A ruling by the ECJ is the death blow for the popular online direct debit.
Deutsche Bahn is to blame again. This time not only at the usual delays, this time the railroad has also a certain share in the fact that in the future there will be no more online direct debit. But others are really to blame. And once again, the EU does not look very good in this respect.
SEPA-VO vs. Geoblocking Regulation
The so-called SEPA regulation of 31. March 2012 should u.a. ensure that there is a single European market for cashless payments. This is actually a great thing, because it ensures that no customer is better or worse off than others in SEPA. Whether someone has an account in Italy or in France must not be a reason to reject payments from this customer and not to deliver to him. Also the selected payment method is not a reason for non-delivery. Whether an Italian wants to pay in a German online store by bank transfer or credit card should make no difference.
The SEPA REGULATION provides therefore – simplified spoken – that no EU citizen may be discriminated against when offering a payment method. The same offer must apply to all customers.
In addition, the so-called Geoblocking Regulation The new regulation stipulates that online merchants must deliver to customers from all EU countries. Individual countries may not be excluded from the outset by the merchant in its store.
However, the Geoblocking Regulation also contains an exception that allows merchants to restrict the possible payment methods in the absence of creditworthiness information. According to this, it should be possible to offer customers from certain countries, for example, only credit card payment as a possible payment method. So the two regulations contradict each other on this point.
Payment methods in the online store | Image: mohamed_hassan, pixabay.com, Pixabay License
Online direct debit
However, Deutsche Bahn referred to this exemption in the Geoblocking Regulation. So it allowed the popular SEPA direct debit only German customers.
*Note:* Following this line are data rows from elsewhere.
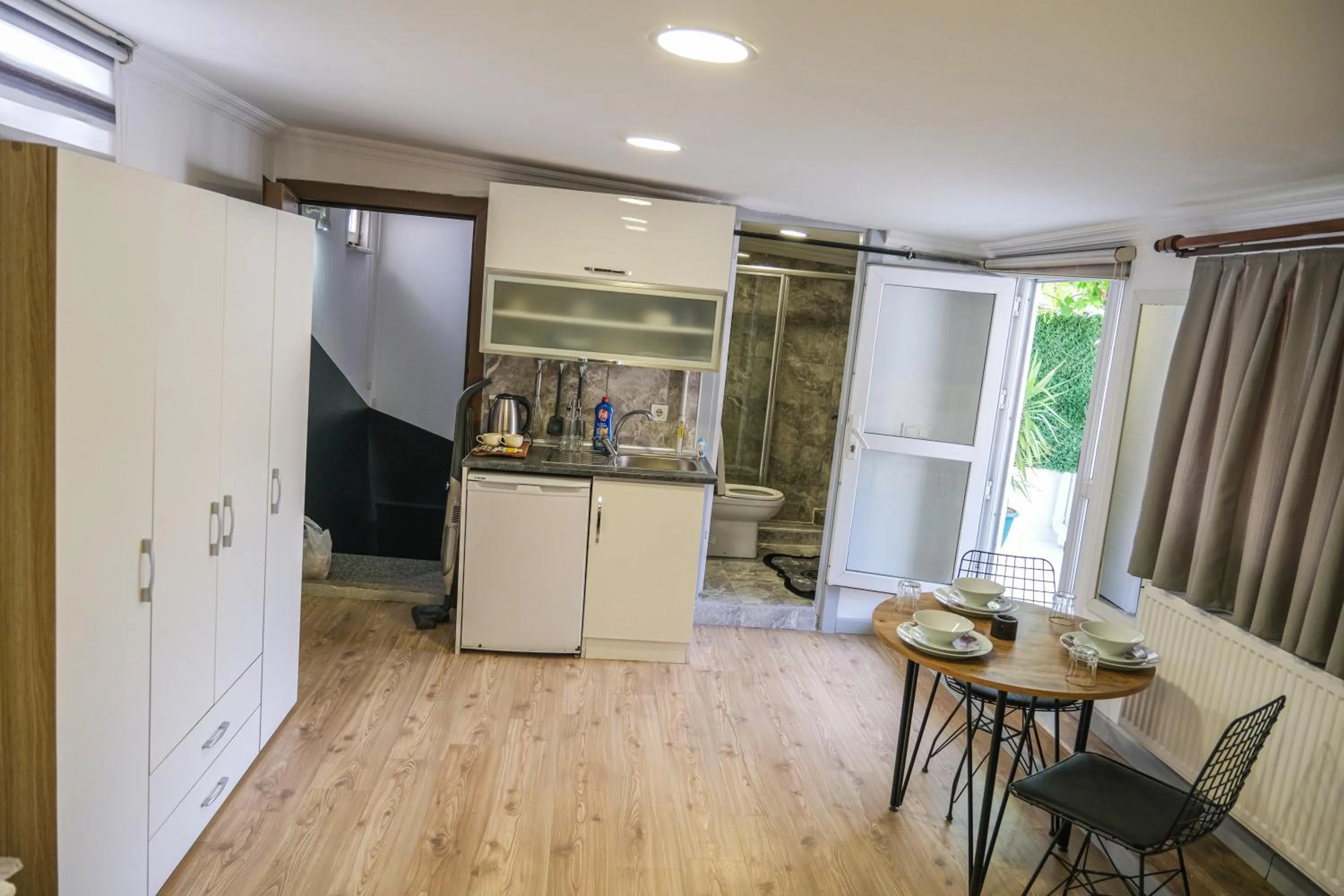 Kitchen or kitchenette in Taksim Neo Pera Suites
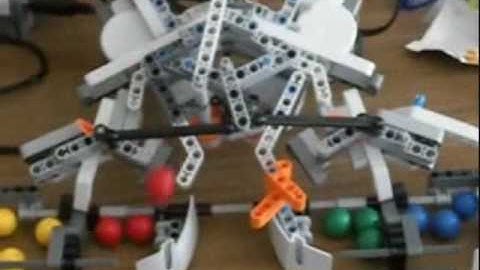 LEGO MINDSTORM NXT 2.0 FAST BALL SORTER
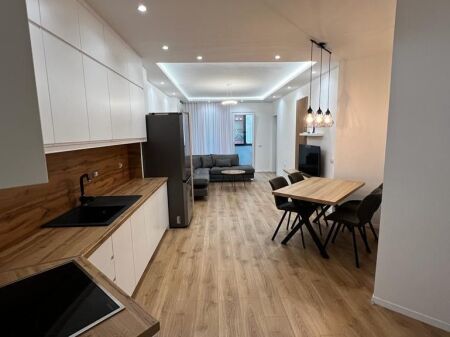 Apartament 1+1 + Parking tek Xhamia e Tabakeve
The background to this was that credit checks are considerably more expensive for customers from other countries. For example, a credit check on customers in Austria costs 15 times more than queries in this country. For this reason, Deutsche Bahn refused to allow foreign customers to pay by direct debit. So far so understandable.
However, an Austrian consumer protection association did not agree with this, citing the SEPA Regulation and Geoblocking Regulation, and sued Deutsche Bahn. The European Court of Justice (ECJ) followed now this opinion and judged finally. The Advocate General of the ECJ made this statement:
The requirement that a customer must be domiciled in a certain member state is tantamount to specifying the member state in which a payment account must be held.
Thus the practice of the railroad contradicts the discrimination ban in the SEPA area, according to the opinion of the ECJ.
According to this ruling, Deutsche Bahn and any other online merchant must offer the same payment options for all customers in the SEPA area. No matter where the respective customer is domiciled and no matter what the costs of any creditworthiness query entail.
This means that the direct debit payment option is dead, at least in online trading. Because the direct debit option can either only be offered to all customers or to none at all. Due to the partly exorbitantly high costs, probably most dealers will not offer the debit note in the future any longer. As direct debiting is very popular in Germany, this can lead to some annoyance among customers and ultimately to a drop in sales.
The Advocate General of the ECJ, Szpunar remarked smugly:
No dealer is forced in Europe to the on-line trade.
If this is really the opinion of the entire ECJ and the relevant bodies of the EU, then good night online trading.